-------- Source data --------

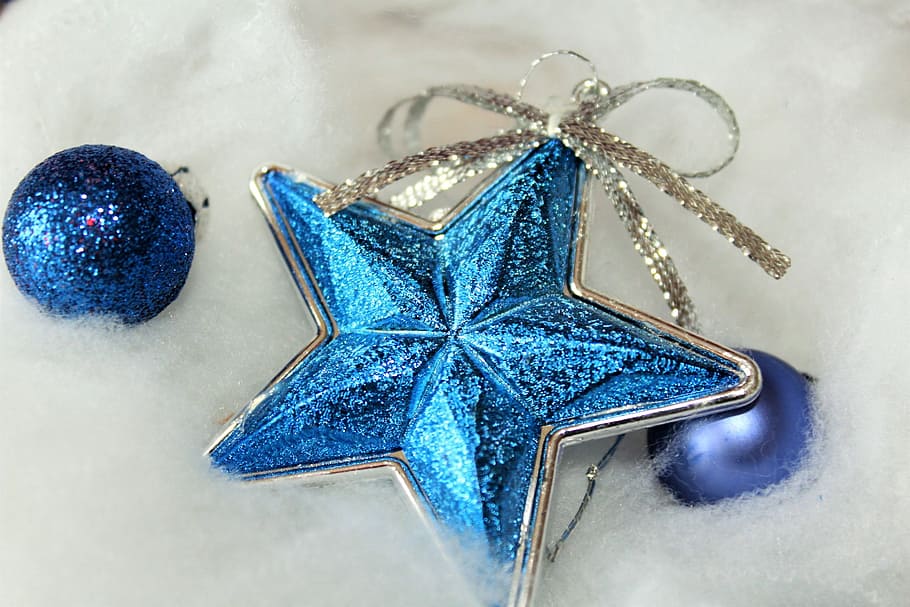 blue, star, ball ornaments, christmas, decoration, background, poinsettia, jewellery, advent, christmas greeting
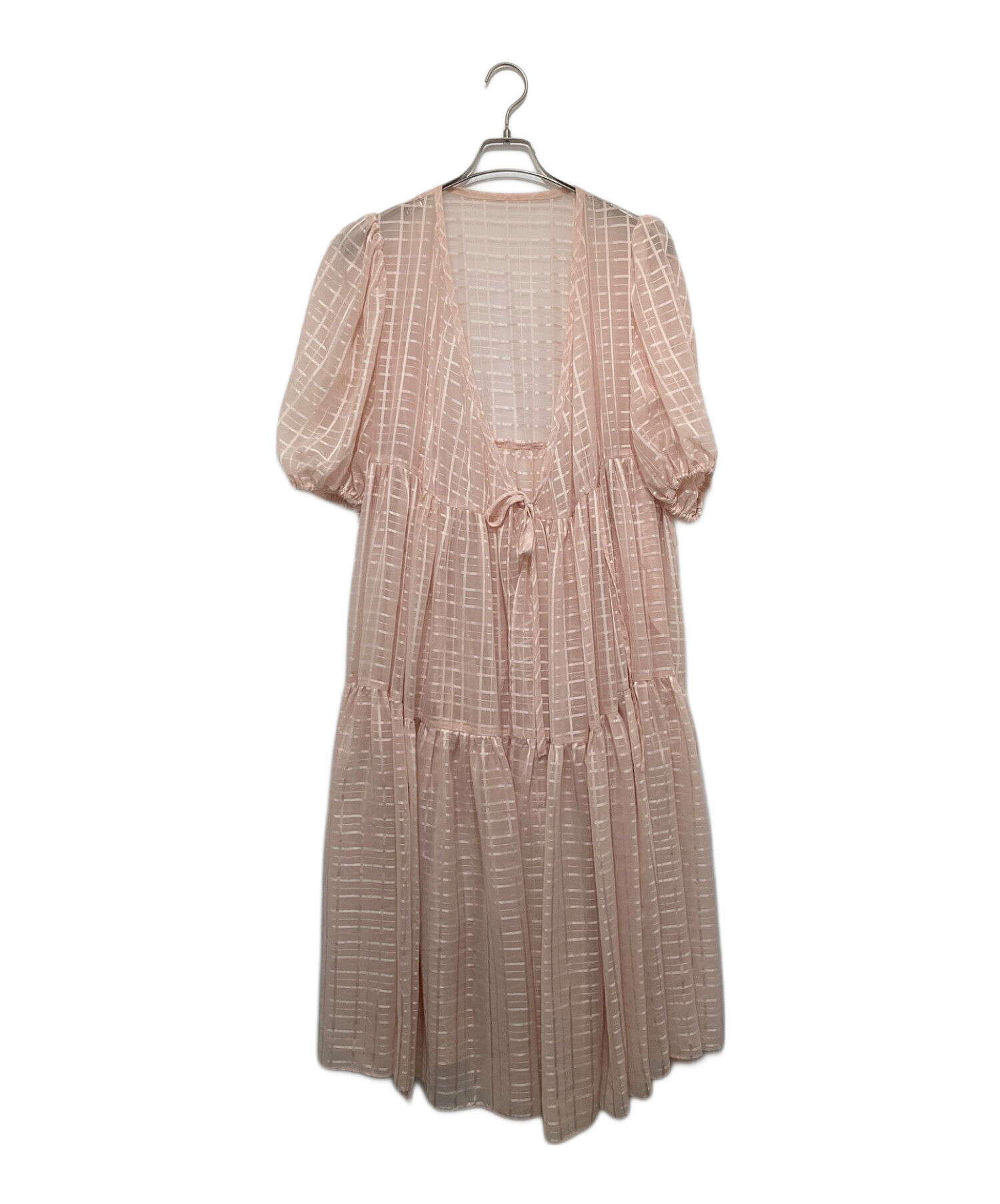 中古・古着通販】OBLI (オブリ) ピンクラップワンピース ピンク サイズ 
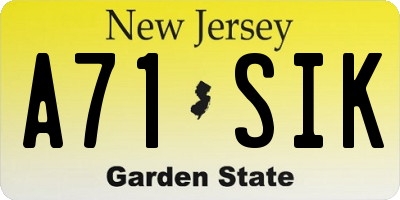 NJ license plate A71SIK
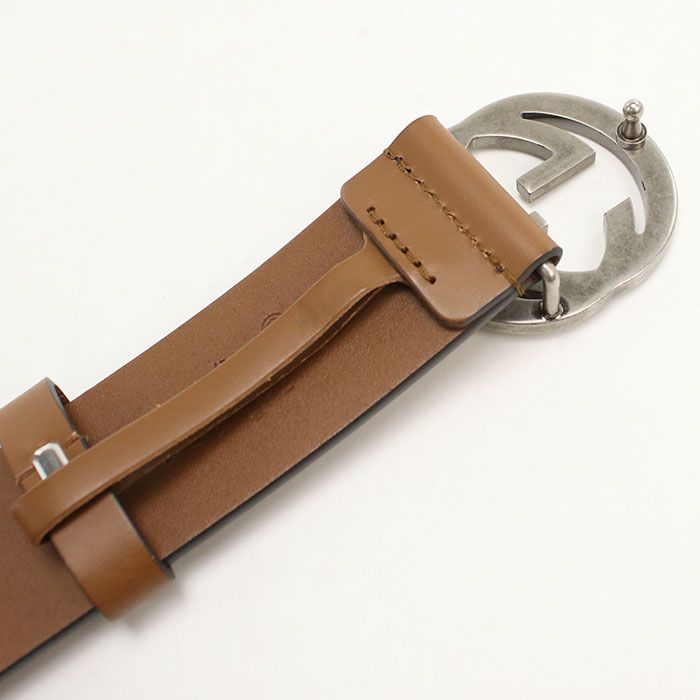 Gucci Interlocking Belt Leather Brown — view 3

--------

Directions
The listing above should be repeated word for word, with every image left out.

Solved exercise
 blue, star, ball ornaments, christmas, decoration, background, poinsettia, jewellery, advent, christmas greeting
 中古・古着通販】OBLI (オブリ) ピンクラップワンピース ピンク サイズ 
 NJ license plate A71SIK
 Gucci Interlocking Belt Leather Brown — view 3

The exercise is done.